Angela Cropper, brilliant student, committed environmentalist and scholarly author of crucial policy matters, died a week ago in London. Most public awareness of her in this country is a memory of tragedy, but her life was defined by courage, forgiveness and a determination that's rare to find anywhere in the world.
Her brilliance was respected by her colleagues in environmental studies and in the last 15 years of her life alone, Angela Cropper won the Zayed Prize for Environmental Action Leading to Positive Change in Society, served as a Visiting Fellow at the Woods Hole Research Center, Massachusetts, and was McCluskey Fellow and Member of the Faculty at the Yale School of Forestry and Environmental Studies.
The last five years were committed to the UN, where she worked on the UN Environmental Programme as a senior adviser on Environment and Development from 2007 to 2011, continuing after retirement as a special adviser.
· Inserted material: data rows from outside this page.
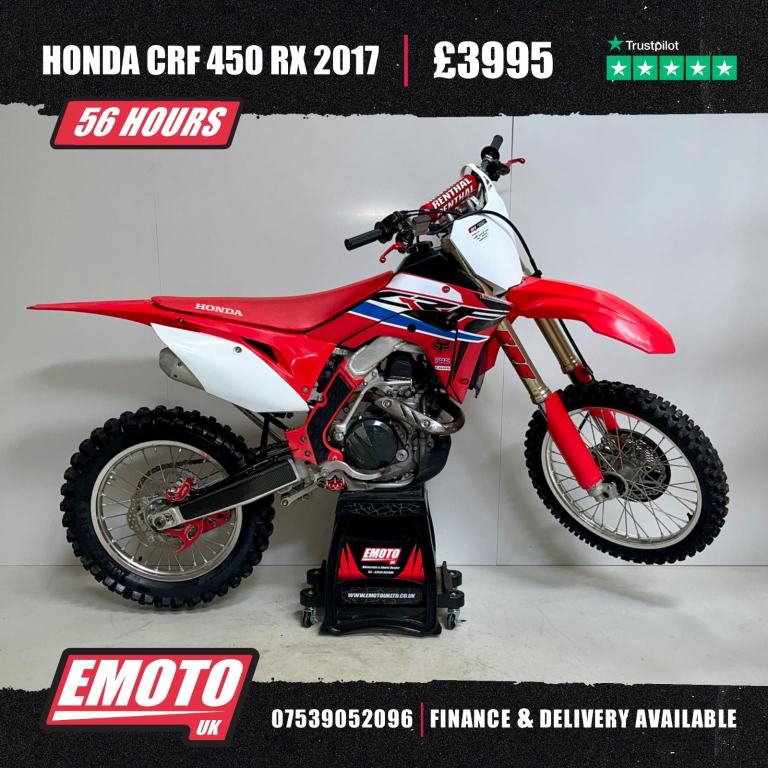 HONDA CRF 450 RX 2017 Motocross Bike 450cc 56 Hrs @EmotoUK - Finance Available
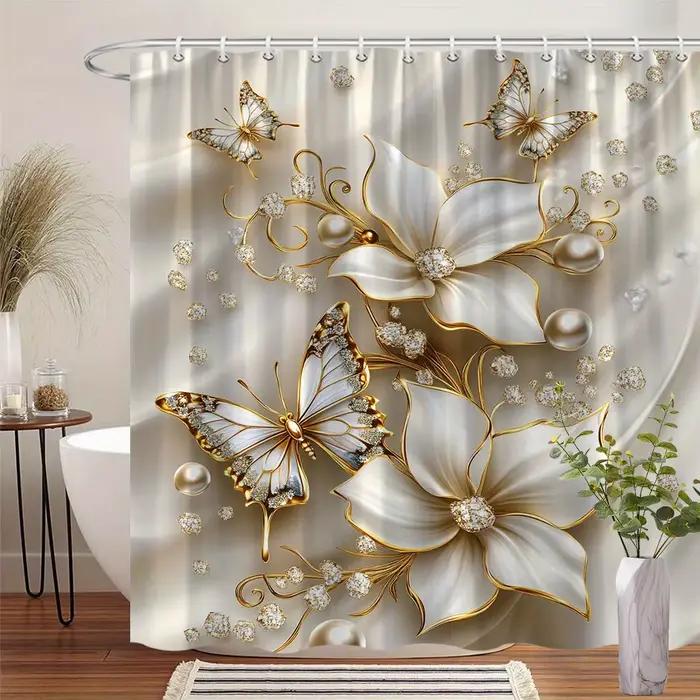 Rideau de douche floral – Fleurs en satin blanc, accents et papillons dorés, design élégant, polyest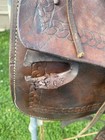 Antique vintage 15  Western Slick Seat Saddle  as-is  For Project   Decor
From 2002 to 2007 she served as an Independent Senator in Trinidad and Tobago and her many thoughtful contributions there, unadorned with the theatre of politics, stand in the public record if not in any notable Government action.
A top-shelf developmental economics graduate of UWI, St Augustine, Angela Cropper plunged into social activism as part of the Tapia House Group, a bold and unequivocal woman in a political landscape that was still, even in an era of nascent gender awareness, very much a man's world.
She married, had a son and worked as a research officer at the Caribbean Industrial Research Institute. In the 1980s she served as a director at the Caribbean Community secretariat where she pushed programmes in health, culture, education, training and the development of women to measurable results.
From 1991-1993, Angela Cropper was Head of Governance for the International Union for Conservation of Nature and would serve as the IUCN's Deputy Chair from 1997-1998. An efficient and capable technocrat, Mrs Cropper was notable for taking the larger view of problems and seeking answers that put pressure at the fulcrum points of difficult situations.
In 1998 her son, Devanand, died of a rare heart condition. After mourning the loss of her child, a well-regarded and promising young man, John and Angela Cropper then offered a memorial award in his name at the London School of Economics and founded The Cropper Foundation which would provide a local anchor for her interests in sustainable development, and environmental and resource management.
Just four years later, her husband, mother and sister were brutally murdered in a shocking multiple homicide at her family's home in Cascade. Two men were convicted of the murders of John Cropper, Maggie Lee and Lynette Lithgow and sentenced to hang.
Confronted with this challenge to her abolitionist views on the death penalty, Angela Cropper saluted a stay of execution for one of the men, noting that "the death penalty will not solve the country's crime problems." "Life," Angela Cropper told students of UWI when she accepted her Honorary Doctorate in the Faculty of Science and Agriculture, "is about more than personal advantage."
That was the motto of The Cropper Foundation, the institution she has left behind to continue her life's commitment to environmental research and sustainable development. Angela Cropper offered her life in the pursuit of her passions and in giving back, to her country, to the planet, while stoutly denying the grim fates that took her son and the murderers who took her closest family from her.
In the Foundation's tenth anniversary publication she described the act of giving back to her country as "not a luxury, but a responsibility." Her rigorous, patient and firm voice has now been stilled, but we need not lose its resonance, nor should we allow the gifts of her wisdom and the richness of her life's work to be lost to us.